> EXERCISE DATA
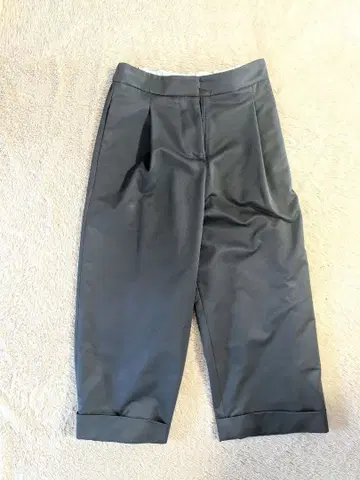 SEVENROOMS 와이드 팬츠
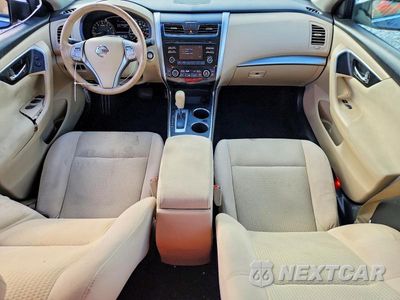 Zdjęcie 8 z 12 samochodu: 2015 NISSAN ALTIMA 2.5 SV VIN:1N4AL3AP4FC134614 - miniatura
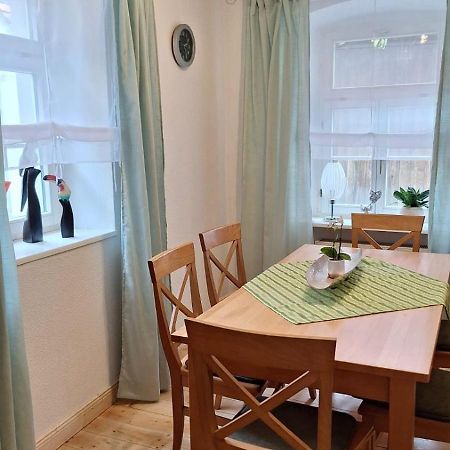 Ferienwohnung Boehm Segnitz Exteriör bild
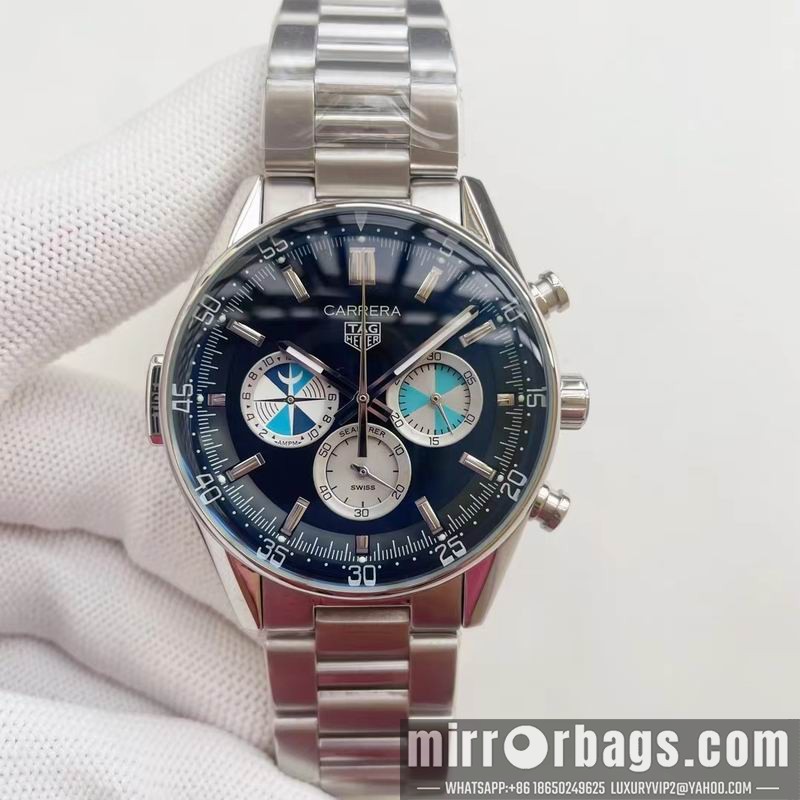 Tag Heuer watch 080517 Watch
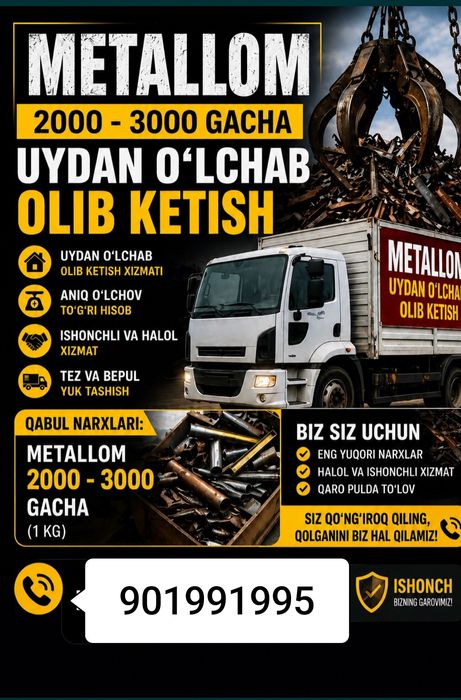 Metallom metallolom металлом olamiz металлом металолом metallom пирём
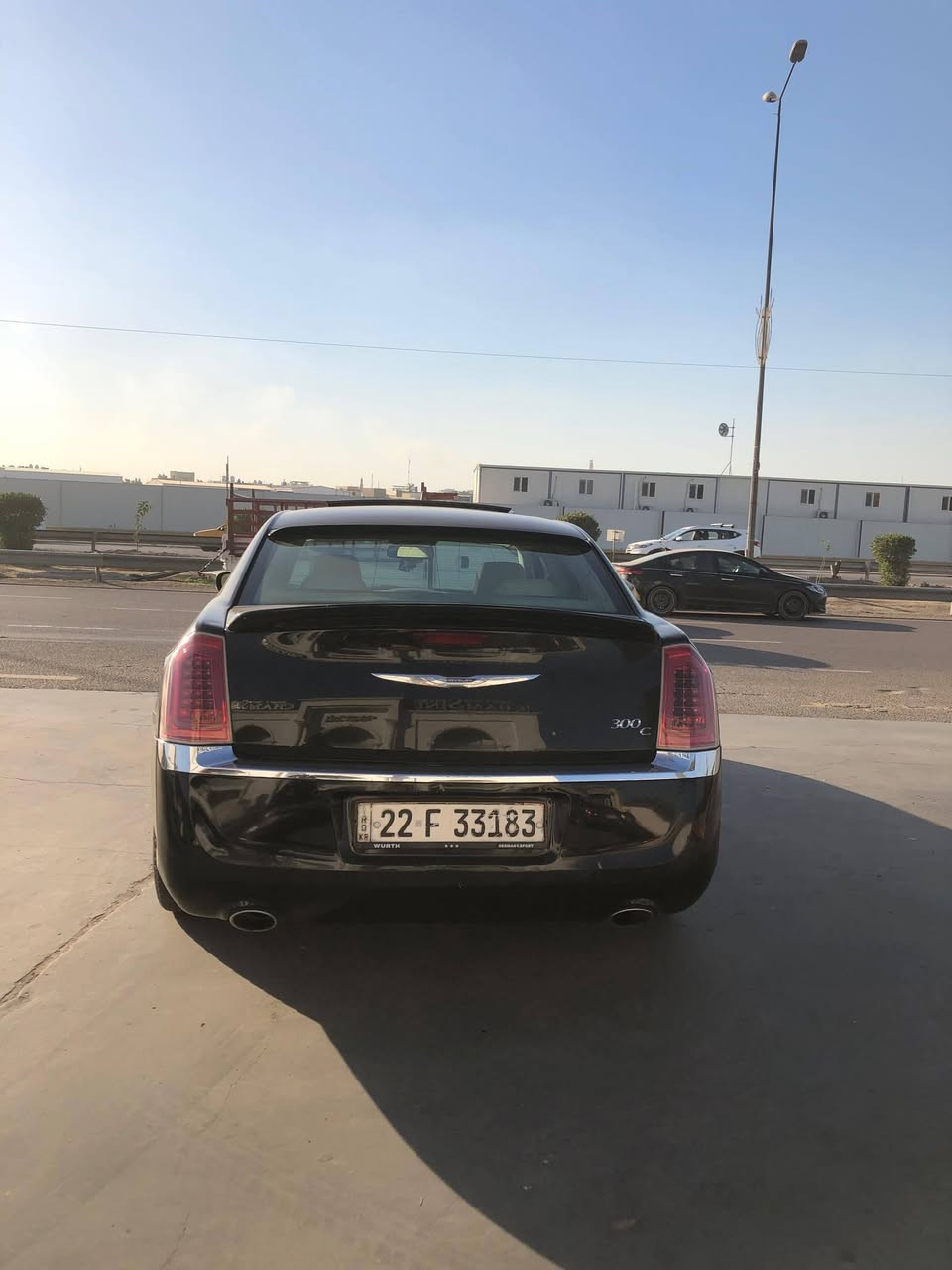 C300
2013خليجي جديده  فول مواصفات رقم اربيل محرك 5700
بانوراما+ رادار+ برده خلفيه + كشن تدفئه تبريد + كلاصات تدفئه تبريد + شاشه كبيره +كامره حساسات+ محدثه لايت وبك لايت 2020  فول الفول 
بيها جاملغ ايمن  وبارد بسيط بالباب 
السعر 168 ورقه 
مكان السياره بغداد 
***********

> WORK TASK
Leave the pictures out. Output exactly, and only, the lines from the one with "Zdjęcie 8 z" through the last line of the listing above, both included.

> RESPONSE TO THE EXERCISE
 Zdjęcie 8 z 12 samochodu: 2015 NISSAN ALTIMA 2.5 SV VIN:1N4AL3AP4FC134614 - miniatura
 Ferienwohnung Boehm Segnitz Exteriör bild
 Tag Heuer watch 080517 Watch
 Metallom metallolom металлом olamiz металлом металолом metallom пирём
 C300
2013خليجي جديده  فول مواصفات رقم اربيل محرك 5700
بانوراما+ رادار+ برده خلفيه + كشن تدفئه تبريد + كلاصات تدفئه تبريد + شاشه كبيره +كامره حساسات+ محدثه لايت وبك لايت 2020  فول الفول 
بيها جاملغ ايمن  وبارد بسيط بالباب 
السعر 168 ورقه 
مكان السياره بغداد 
***********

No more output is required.